Step 3: train the first adapter¶

Use local MLX first unless you already know you need remote GPUs.

uv run personal-llm train-local-mlx \
  --config config/training.yaml \
  --dataset data/training/generated/train.jsonl

Step 4: evaluate again¶

Run the same evaluation suite after training.

export PERSONAL_LLM_GUARDRAIL_PROFILE=standard
uv run personal-llm evaluate --cases evaluation/cases/core_eval_cases.jsonl

Then send a small set of high-risk prompts through the API:

uv run personal-llm serve --reload
curl -s http://127.0.0.1:8000/v1/chat/completions \
  -H 'Content-Type: application/json' \
  -d @evaluation/cases/sample_request.json

What success looks like¶

answers are more aligned with your persona
the model is more consistent on your core domains
refusals remain clean
boundary cases improve rather than becoming over-refused
regulated-domain answers become more structured and cautious

Common failure modes¶

too generic: add 5-10 persona-aligned SFT examples focused on the missing style, then re-evaluate
too restrictive: remove or rewrite 3-5 refusal-heavy or over-aggressive boundary examples, or move to relaxed
not restrictive enough: add 5-8 refusal examples and 3-5 boundary cases, then retrain
factual weakness: improve retrieval and curated knowledge before adding more LoRA data
style improved but substance did not: add 5-10 domain examples tied to your real heuristics or source evidence
retrieval-grounded prompts fail: verify the matching docs were ingested, chunked, and embedded before changing LoRA data

What to document after the run¶

Create a snapshot note with:

date
model profile
guardrail profile
dataset path
prompt profile
adapter output path
baseline result summary
post-training result summary
what changed next

Important caution¶

Do not assume a better-feeling answer means a better model. Compare against the baseline and keep the same eval cases across runs.

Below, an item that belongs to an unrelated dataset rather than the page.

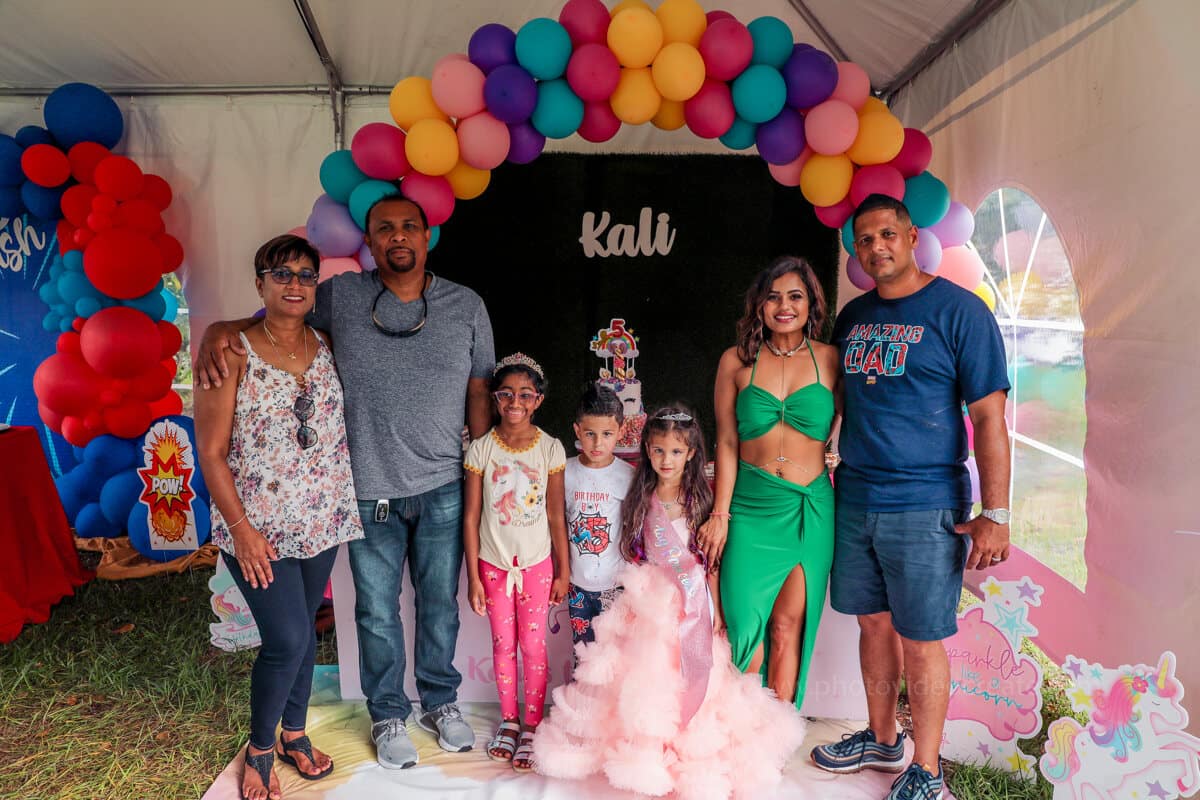 Happy family celebrating a kid’s birthday party in Miami, captured by a professional photographer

When to stop tuning the first iteration¶

Ship the first iteration and move to real usage when:

hard refusal cases pass
boundary-case behavior is acceptably clean
your persona checks are at or above the target in docs/07_evaluation.md
the model is clearly more useful than the baseline on your core domains

Do not keep tuning just because a few answers could still be better. Once the first iteration clears the quality bar, start using it for real work and collect the next wave of improvements from actual usage.